I further feel that he has been indulging in the practice
of meting out corporal punishment to students from
time to time with varying degrees of severity.
I recommend that disciplinary action be taken
against Shri Shide.
The Assistant Commissioner, Kendriya Vidyalaya Sangathan, Bombay Region thereafter passed the impugned order on 21.3.1975 by which the respondent was informed that his services were no longer required and the same shall stand terminated with effect from 30.4.1975.

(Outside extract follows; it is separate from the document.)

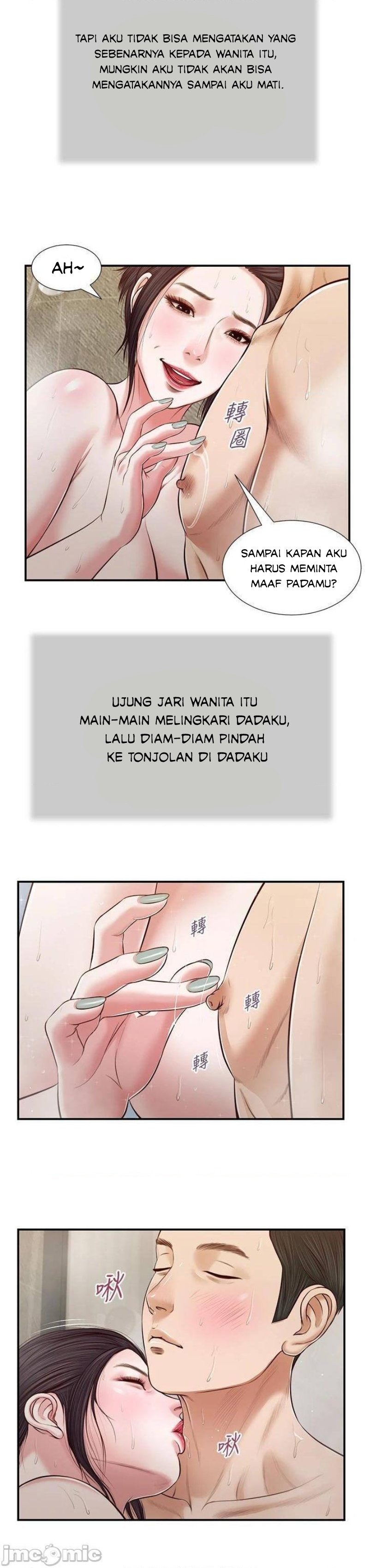 Concubine - Chapter 74 10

6. The findings recorded by the High Court on the basis of which the judgments and decrees passed by the two Courts below were set aside and the second appeal preferred by the respondent was allowed decreeing his suit, require to be noticed. In para 9, the High Court has held :-
"9. ........... Furthermore it has been indicated by the case itself that the order of termination of service was after initiation of the enquiry in which articles of imputation and charge were served on the appellant and some witnesses were examined. It implicitly conveys the information that the said enquiry was either not brought or completed. Had that been completed, the circumstances which were against the appellant would have been put to him for the purpose of affording him an opportunity of submitting his explanation to those circumstances, otherwise there would not have been order which would have been conveyed to the appellant that the said enquiry was dropped. None of these two things did happen and therefore, there is irresistible conclusion coming up showing that the order of termination of service of the appellant was nothing but the result of said enquiry which was neither completed legally nor dropped."

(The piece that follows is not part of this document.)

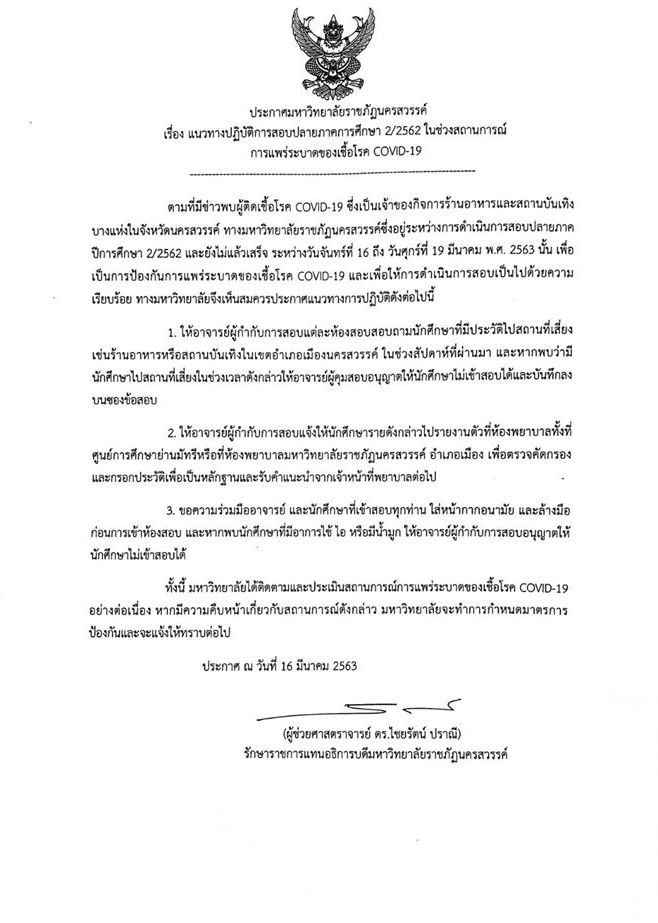 แนวทางปฏิบัติการสอบปลายภาคการศึกษา 2/2562ในช่วงสถานการณ์การแพร่ระบาดของเชื้อโรค COVID-19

Again in para 11, the High Court held :-
"11. In the present case both the Courts below have committed gross error of law in ignoring that the said order of termination of service of the appellant followed the said enquiry neither legally completed nor dropped. Had it been the case that the said enquiry was dropped then there should have been some meaning to say that the said order of termination of service was not carrying any stigma. But in this case that is not so. Without completion of that enquiry, service of appellant has been terminated and the appellant has been put under dolour by uncertainty of future. ......................................."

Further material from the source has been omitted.